What got me thinking in Ghandi’s be the change you want to see in the world. Now let’s give it a producer twist, and rephrase it as “be the producer you want to see in the world”. Bring the old Marx from Alice in wonderland dream and let’s remember that the means of productions are the ones that create the world.

And then it struck me. In a previous post Francois quotes the infamous “el pueblo unido jamas sera vencido”, and for me, being born and raised with Pinochet and american TV, if there was something clear in my worldview was that the pueblo either never got together or the saying was just plain wrong. I was born in a defeated society, and there was no way out of it.

El pueblo was not going to get together anytime soon as long as they see themselves (ie we see ourselves) as consumers or individuals, for both are concepts that stem directly from the same mode of production that put us in the mess in the first place. What we need to do is to unite as producers. And unite in a very material way. I need a fellow to make my files so I can sharpen my saws and cut the wood that will be his door. I need another friend to bang hot metal into tools that later will make his table. And so weider.
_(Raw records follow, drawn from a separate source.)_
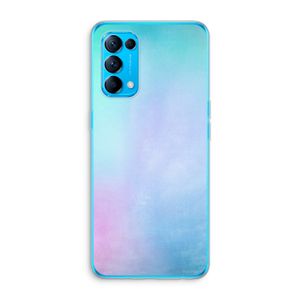 mist pastel: Oppo Find X3 Lite Transparant Hoesje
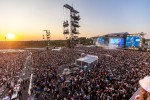 Blendende Aussichten: Foo Fighters, Die Toten Hosen, Kings Of Leon, Meshuggah, Apache 207, Architects u.v.a. rocken - und das Wetter spielt mit., Nürburgring, 2023 | © laut.de (Fotograf: Rainer Keuenhof)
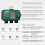 2025 3-Outlet Automatic Water Timer Garden Irrigation Watering System Independents Control Sprinkler Programmer Tools 9
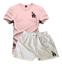 cor Rosa, Short linho branco  l, A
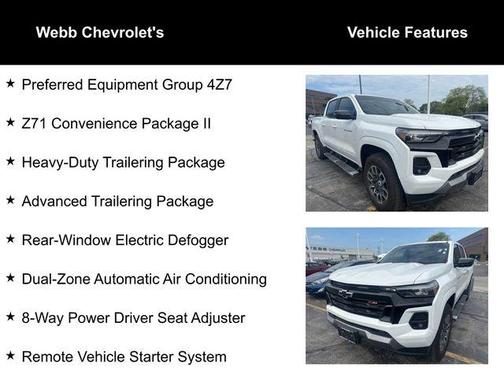 2023 Chevrolet Colorado Z71
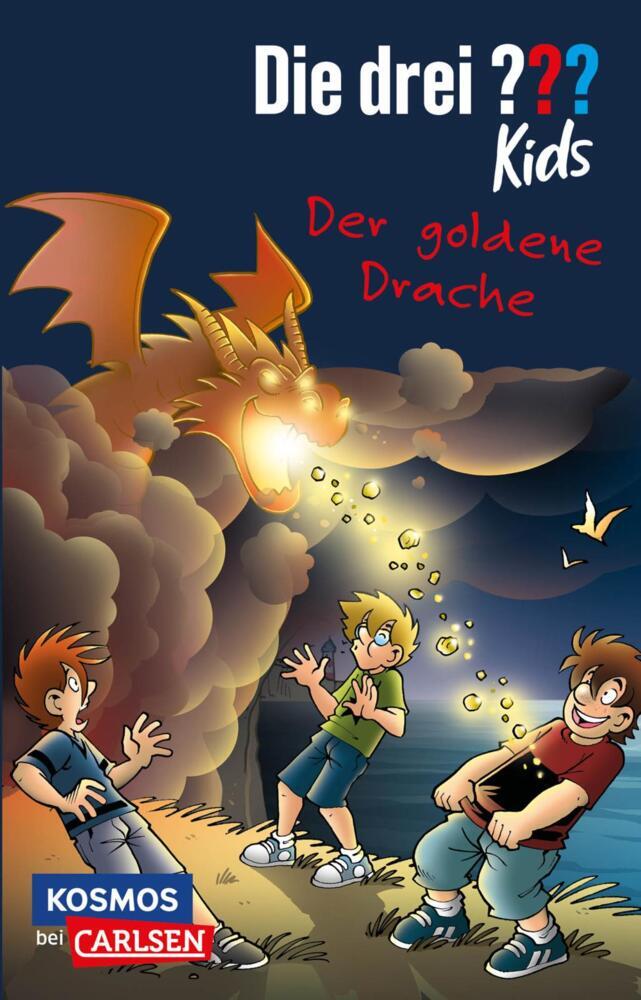 Die drei ??? Kids: Der goldene Drache main product photo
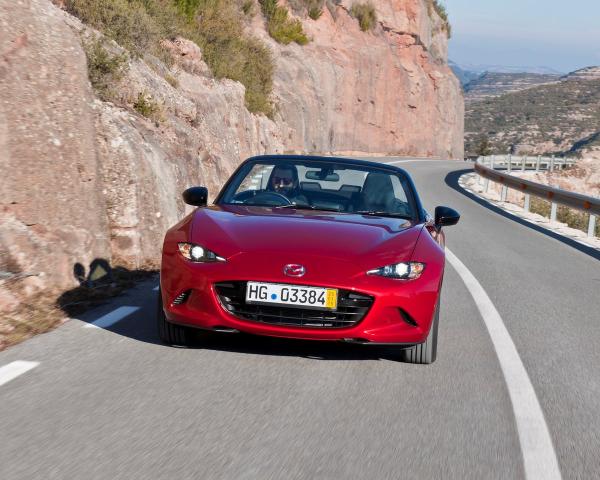 Фото Mazda Roadster IV (ND) Кабриолет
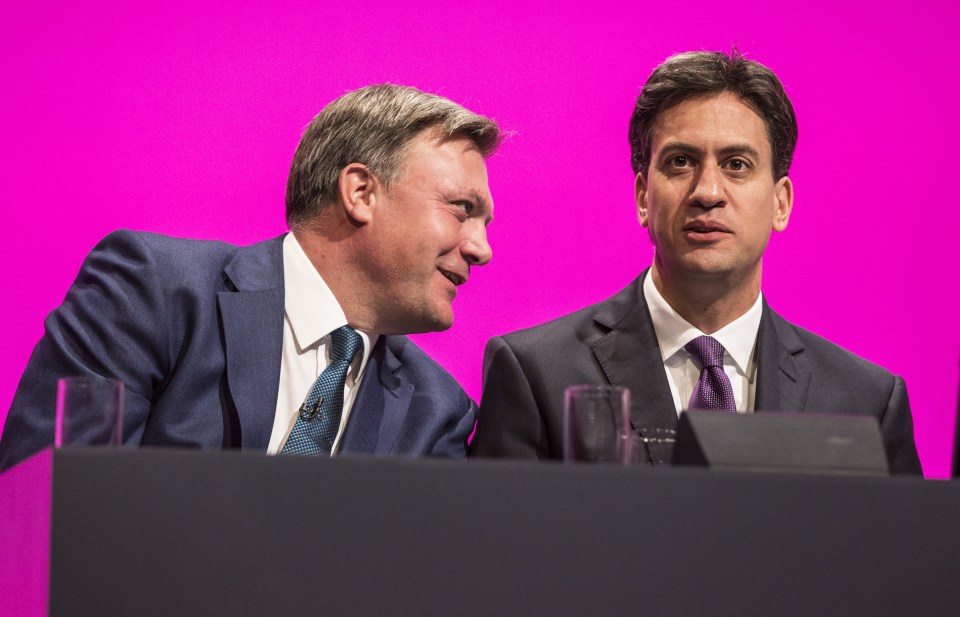 Ed Balls Ed Miliband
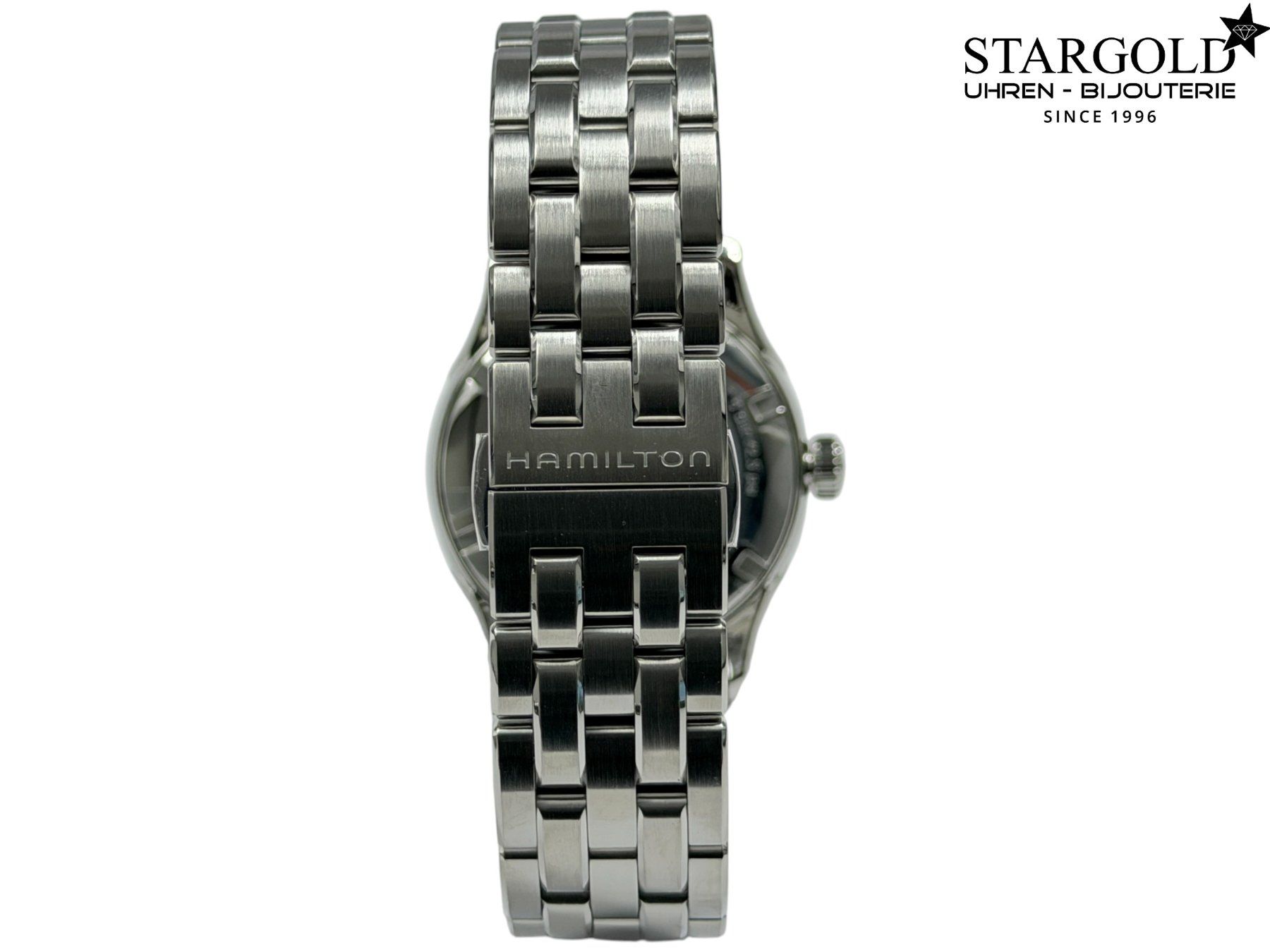 Hamilton Orologi: Hamilton Jazzmaster Open Heart - H32705180 – Usato da Zürich venduto da Stargold-Uhren 7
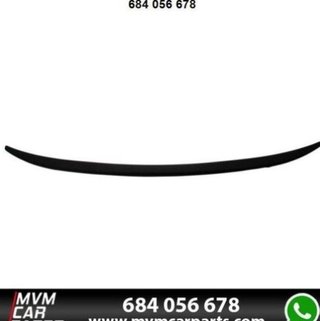 Aleron BMW Serie 1 Coupe E82 Negro mate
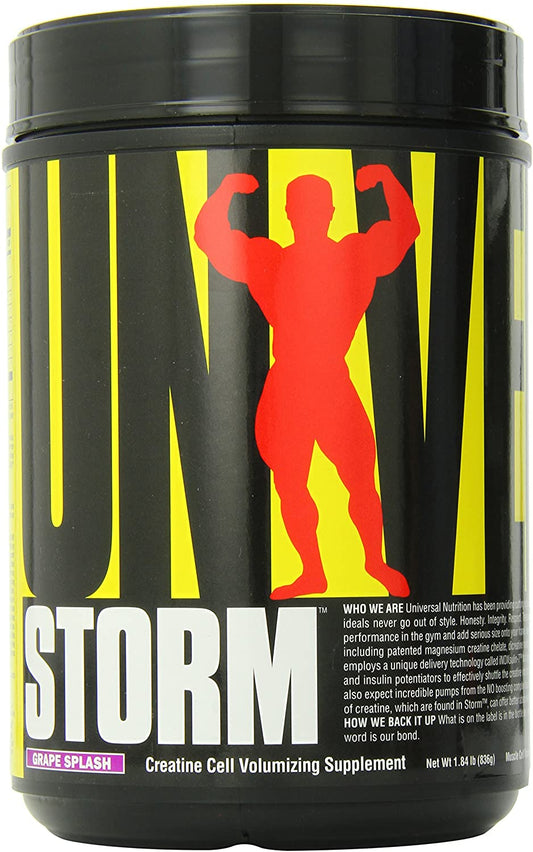Universal Nutrition Storm, Grape Splash - 836g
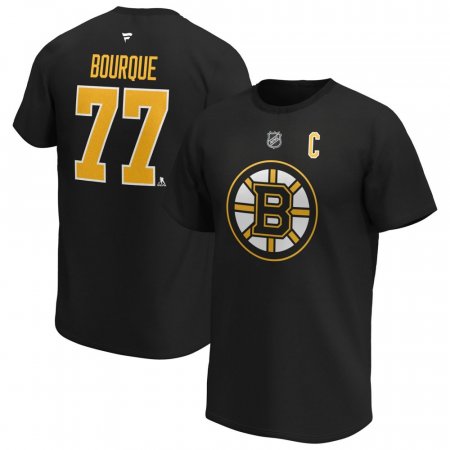 Boston Bruins - Ray Bourque Alumni NHL T-Shirt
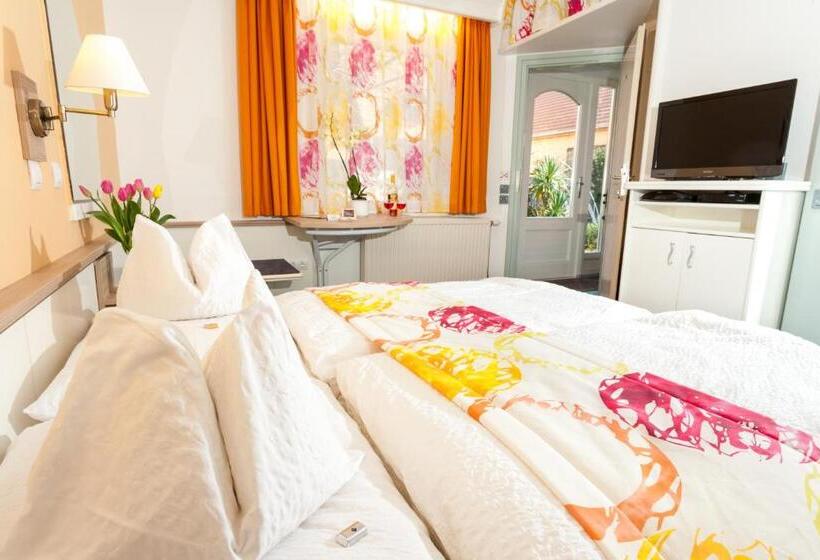 غرفة سوبيريور مطلّة علي الحديقة, Fábián Panzió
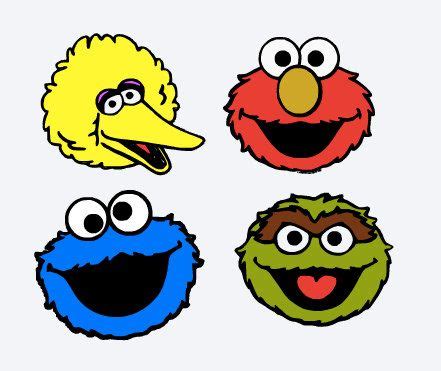 RANK (Fav to Least Fav): Elmo, Big Bird, Cookie Monster, Oscar The Grouch | Lipstick Alley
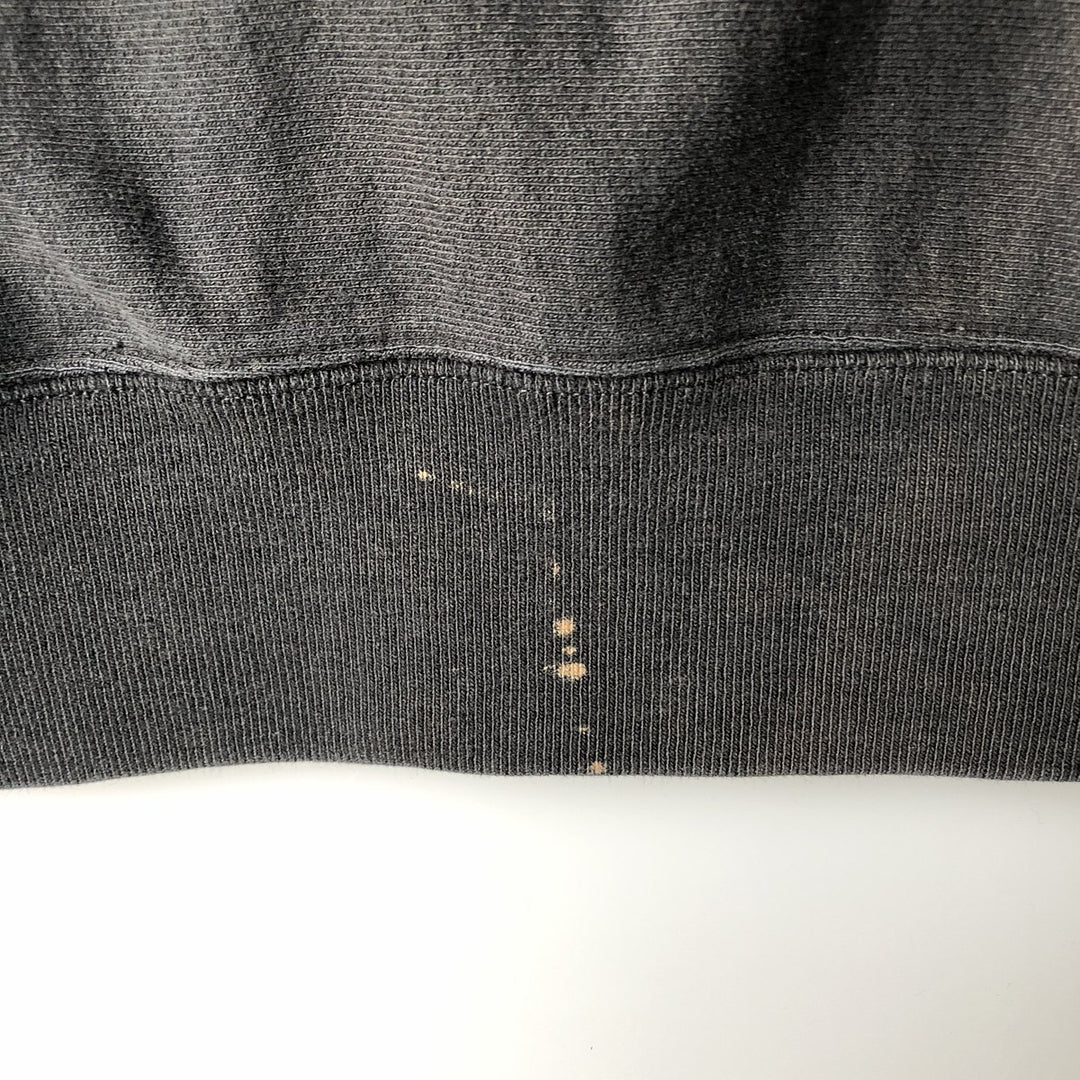 Champion REVERSE WEAVE Reverse Weave Sweat Pullover Hoodie Men's XL cotton black type Vintage Second Hand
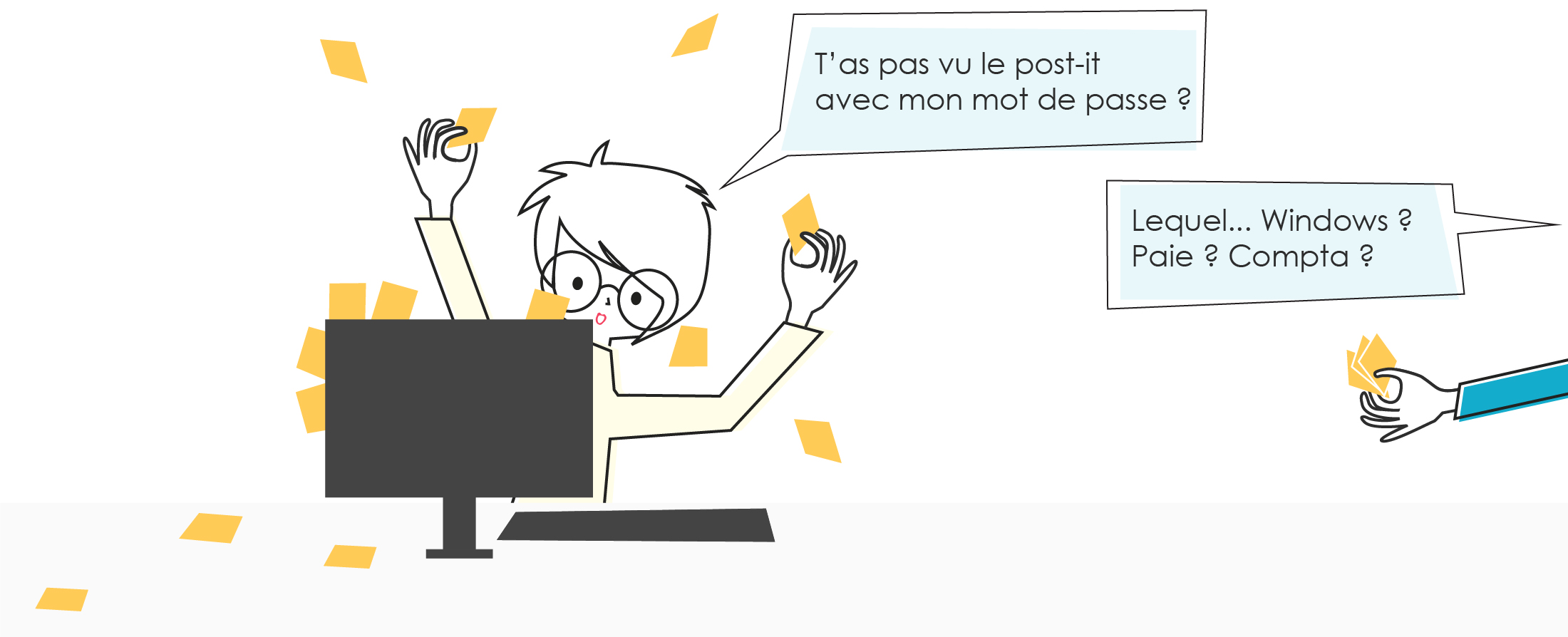 Cybersécurité : protéger ses identifiants et mots de passe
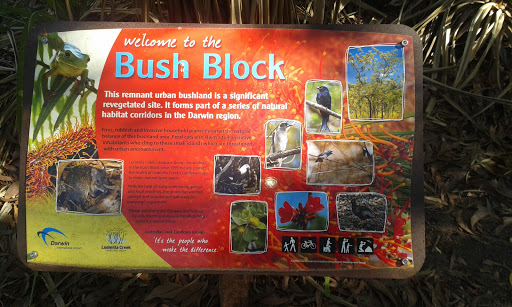 Welcome to the Bush Block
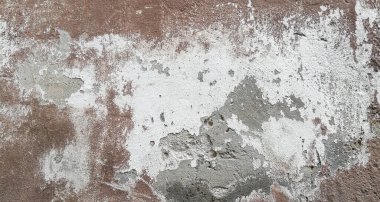 Eski çatlamış beton yüzey arka planının dokusu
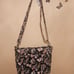 New vera braley flower butterfly crossbody
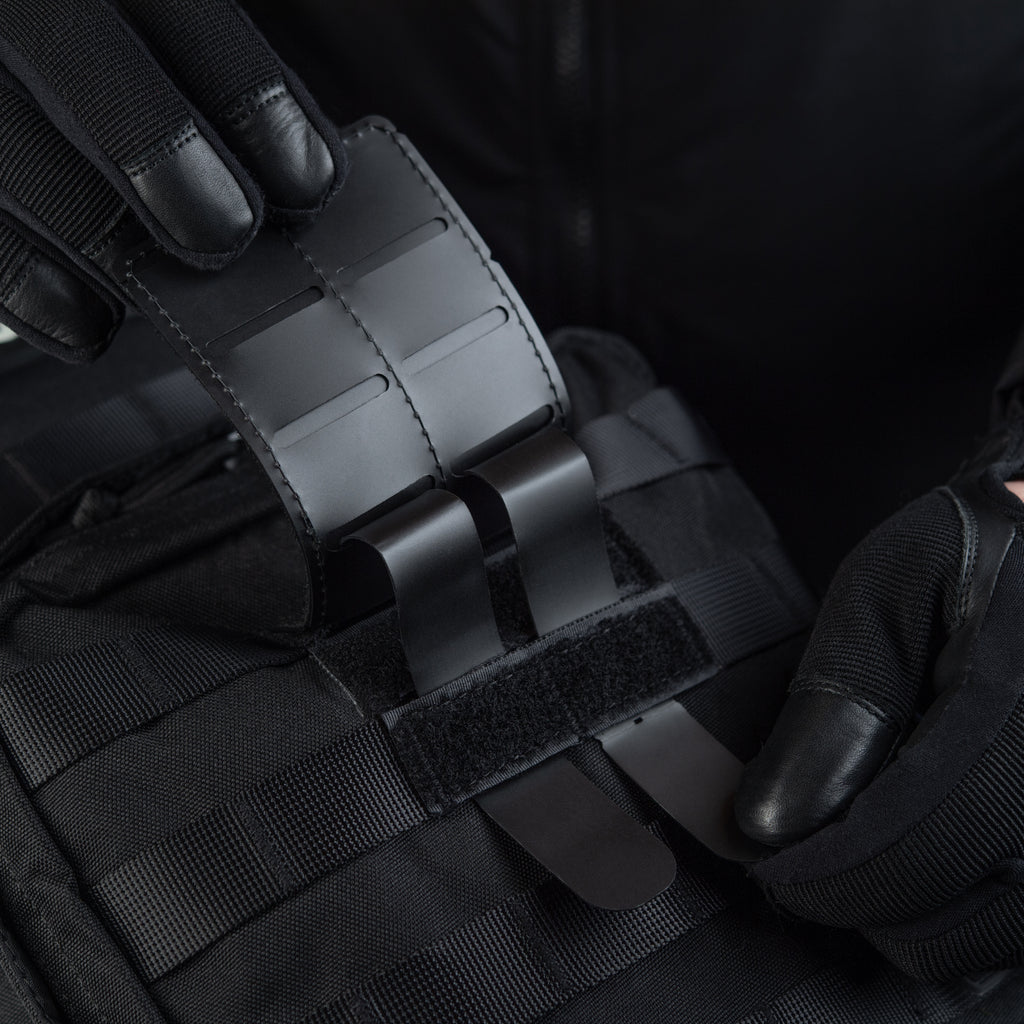 M-Tac панель для нашивок на MOLLE 80x135 Black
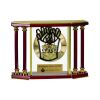 [EX103] Executive 4-Pillar Gold & Rosewood Piano Finish Clock  Thumbnail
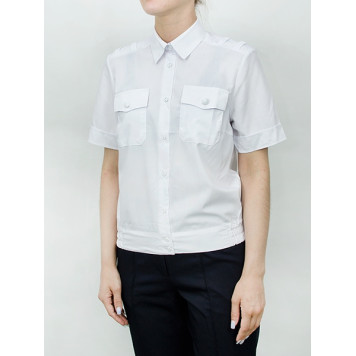 Women`s Police Short-Sleeve Shirt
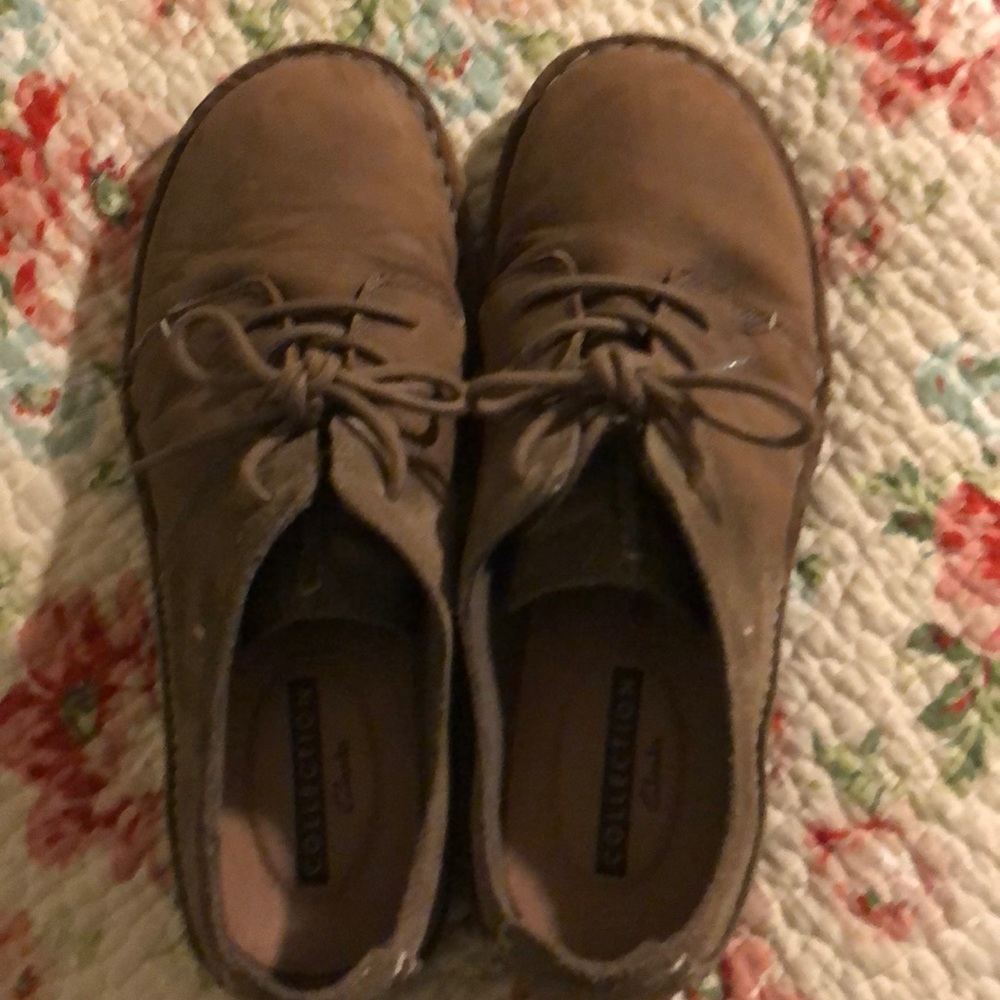 Clark comfortable shoes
The game is called why we should not kill you, and the permaculture guy from 1. mentions it in a video. You are with a group of people and everybody needs to convince the rest that he or she posses skills that are beneficial for the whole group. The first on dying are always the guys who work in a call centre, followed by the high score angry birds guys.

So, how do we get rid of the corporations that rule the world and the psychotic personalities inside and outside them? We start producing stuff ourselves. It’s not so difficult, humans are used to do it. The more you decouple from fossil fuels (own by corporations) and high tech-solutions (created, patented and maintained by gigantic corporations) the better your chances of a good life once the weather makes those corporations unviable (according to some models, we only got 15 years more until we lock in +2 degrees and the world goes to hell). But it’s not so easy either. On the one hand, doing this in the developed world may be pretty much illegal, due to safety concerns, insurances and weird laws. On the other, you just cannot go to amazon and order your association of producers. The most probable thing is that either you have to create it yourself from scratch (as will be my case in Chile), or you need to connect with other people who’s into the subject but working individually. And now we are in a full different level of crap talking.

First it was about the tools, what diamond stone to get. Now we are talking about establishing social relations, bonds, that will change in a small but very real way, our economy. And with that, they will allow us to live in different way, in a different world.

Another world is not only possible, but it's in the making.